Vielen Abgeschobenen drohen in ihrer Heimat Repressalien, zum Beispiel dem vietnamesischen Autor Nguyen Quang Hong Nhan. Foto: dpa

Bayern schiebt den Literaturnobelpreis-Kandidaten Nguyen Quang Hong Nhan nach Vietnam ab. Dort gilt er als Volksfeind.
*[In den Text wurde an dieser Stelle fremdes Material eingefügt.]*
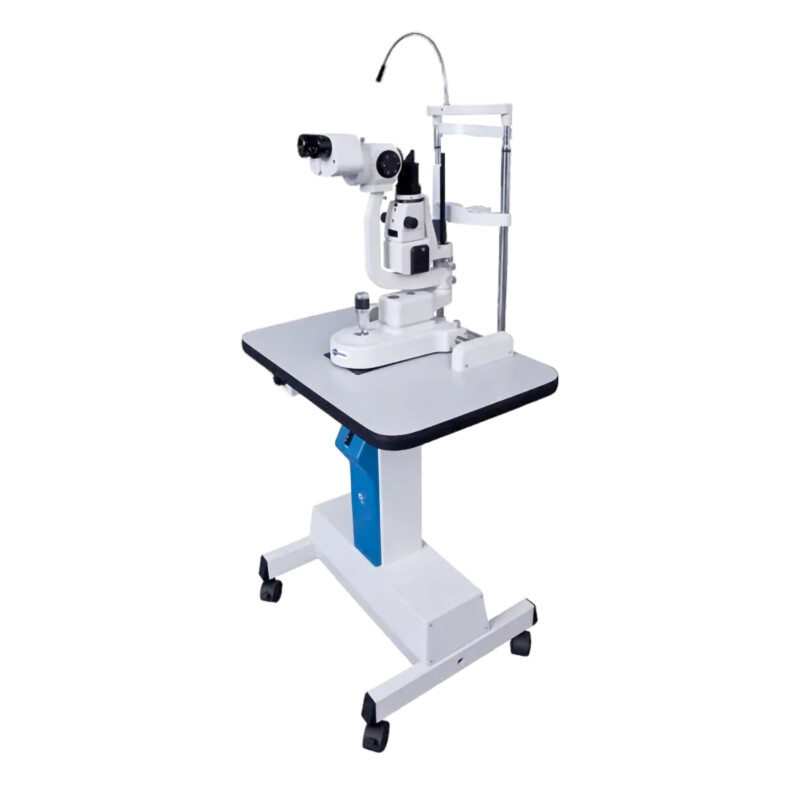 Eye BioMicroscope BEM-400 - Image 7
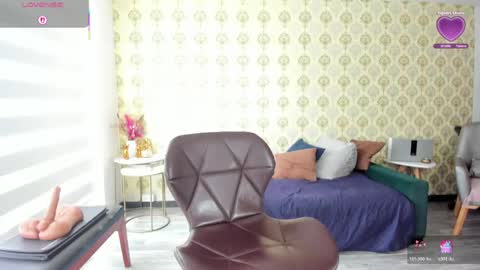 angelina_class_7 online show from May 20, 2026, 1:39 pm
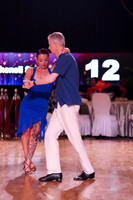 25SUPER_12575_KS
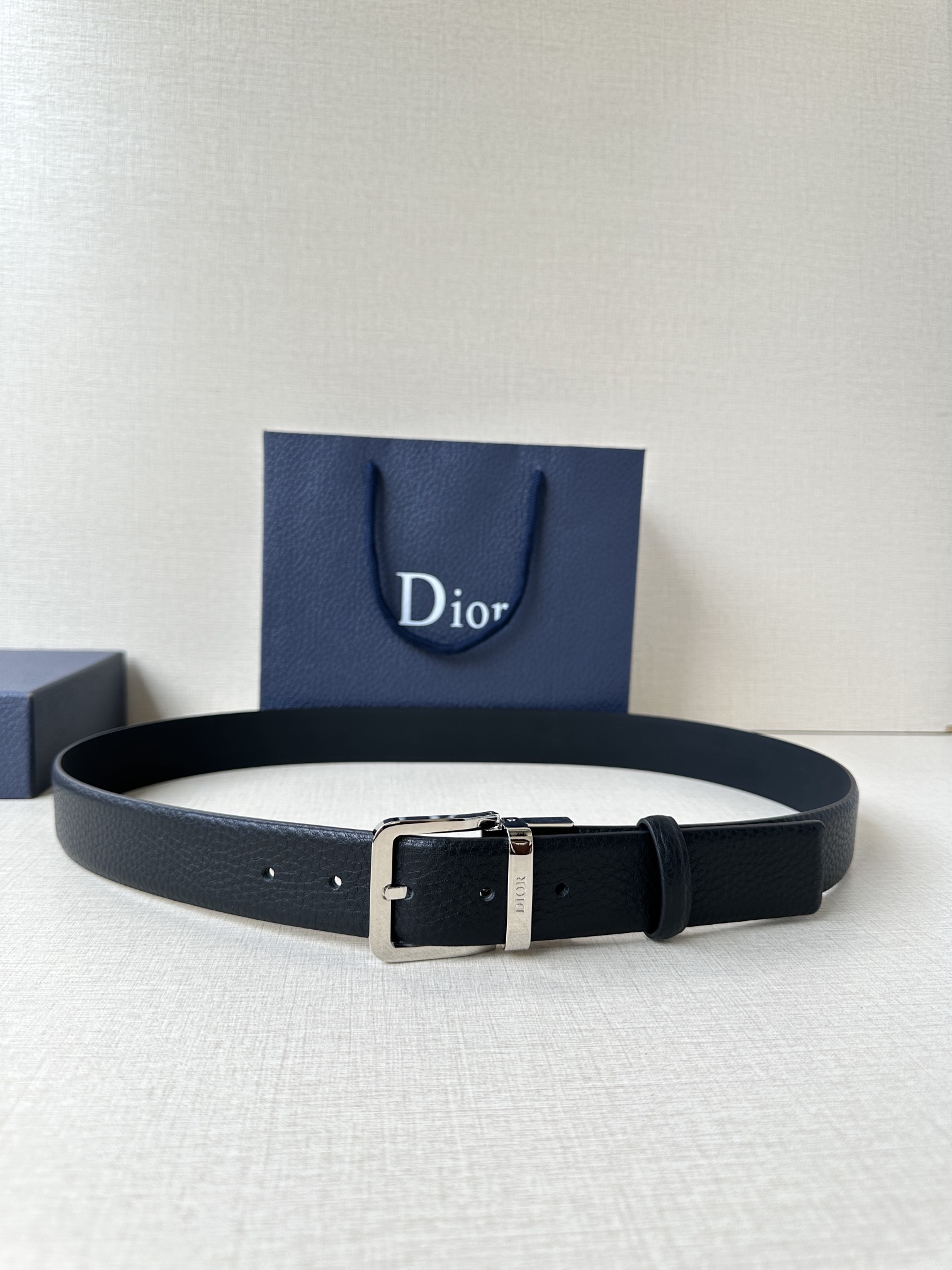 D*or belts(aaaaa)-531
Stuttgart - Abgeholt haben sie ihn, sagt sein Anwalt, ohne Vorwarnung. Und kurze Zeit später fand sich Nguyen Quang Hong Nhan zusammen mit seiner Frau im Abschiebeflugzeug nach Vietnam wieder – und das, obwohl die Regierung in Hanoi ihn den „Volksfeinden“ und zu den „antivietnamesischen Kräften“ zählt. Für die deutschen Asylrichter wiederum zählte das nichts. Und die in diesem Fall zuständige Ausländerbehörde in Nürnberg teilt mit, sie könne nichts machen; man sei ja „nur Vollzugsbehörde“ des Bundesamts für Asyl und Migration (BAMF) und an dessen Ausweisungsbescheide gebunden. Nguyen Quang Hong Nhan ist Schriftsteller, Blogger und Verteidiger der Menschenrechte. Er gehört zu den bekanntesten, renommiertesten Autoren in seinem Land; laut „taz“ war er schon zweimal für den Literaturnobelpreis nominiert. Mehr als zwanzig Bücher hat Nguyen geschrieben. Fast ebenso viele Jahre habe er, so meldet die „taz“ weiter, wegen „Propaganda gegen den sozialistischen Staat“ im Gefängnis gesessen.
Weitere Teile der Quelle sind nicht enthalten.